Andrew Schroeder as the louche but loveable Figaro, and Colin Lee as the achingly keen Count Almaviva soon established a rapport that was complemented by the interplay of the other characters. Eric Roberts received a thoroughly deserved cheer from the audience for a Bartolo whose shrivelled self-importance and faux-authoritarianism provided the biggest laughs of the night, while Imelda Drumm positively sparkled as a sumptuous and wilful Rosina you assuredly wouldn't want to cross.
The only disappointment of the evening was the fact that it was difficult to hear the singers fully. I'd never seen The Barber of Seville before, and despite having been forewarned by a friend, who'd seen The Merry Widow the previous night, that the acoustic balance wasn't all that it might be, I was still frustrated to find that I had to strain to make out the words; rewarding, yes - when it worked - but tiring, and a situation which definitely detracted from the humour and energy otherwise evident throughout the production.

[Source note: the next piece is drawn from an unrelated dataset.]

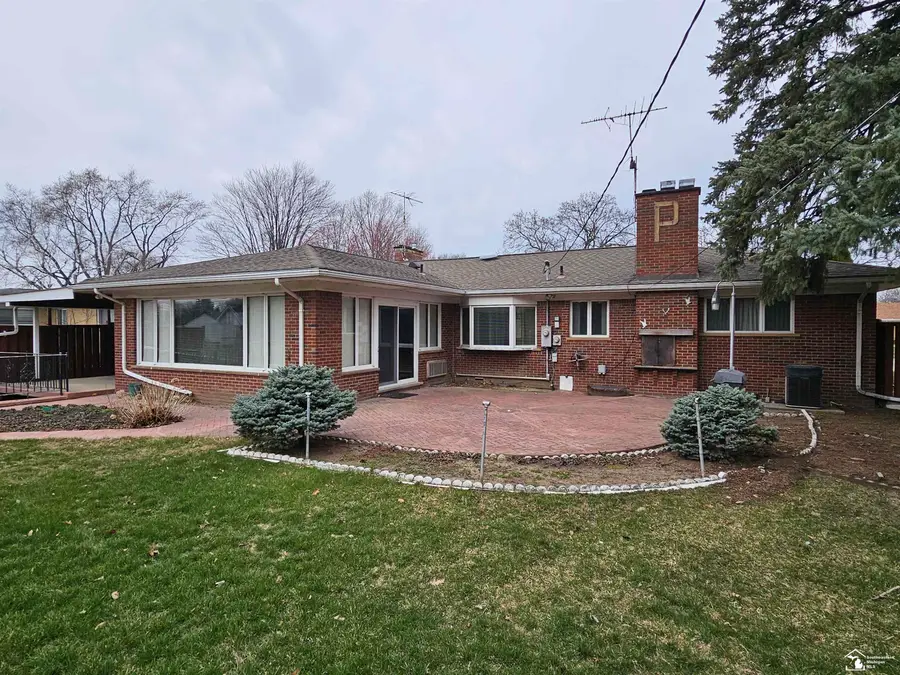 15723 Pleasant AVE, Allen Park, MI 48101 - #3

The plot is pretty standard fare in terms of eighteenth century farce, with young girls forced into marriages with nasty old men (who never seem to get a break, poor souls), behind-the-scenes manipulation by good-hearted rogues, and at least a minimum of mistaken identity. If it's hard to pick out the satirical legacy of the Beaumarchais original, which was banned in pre-revolutionary France for being too politically provocative, in entertainment value the opera is hardly the poorer for that. All good fun: smart, slick, boisterous and entertaining - if you happen to have slightly sharper hearing, or if you already know the plot and can fill in any gaps yourself, you should find this well worth the visit.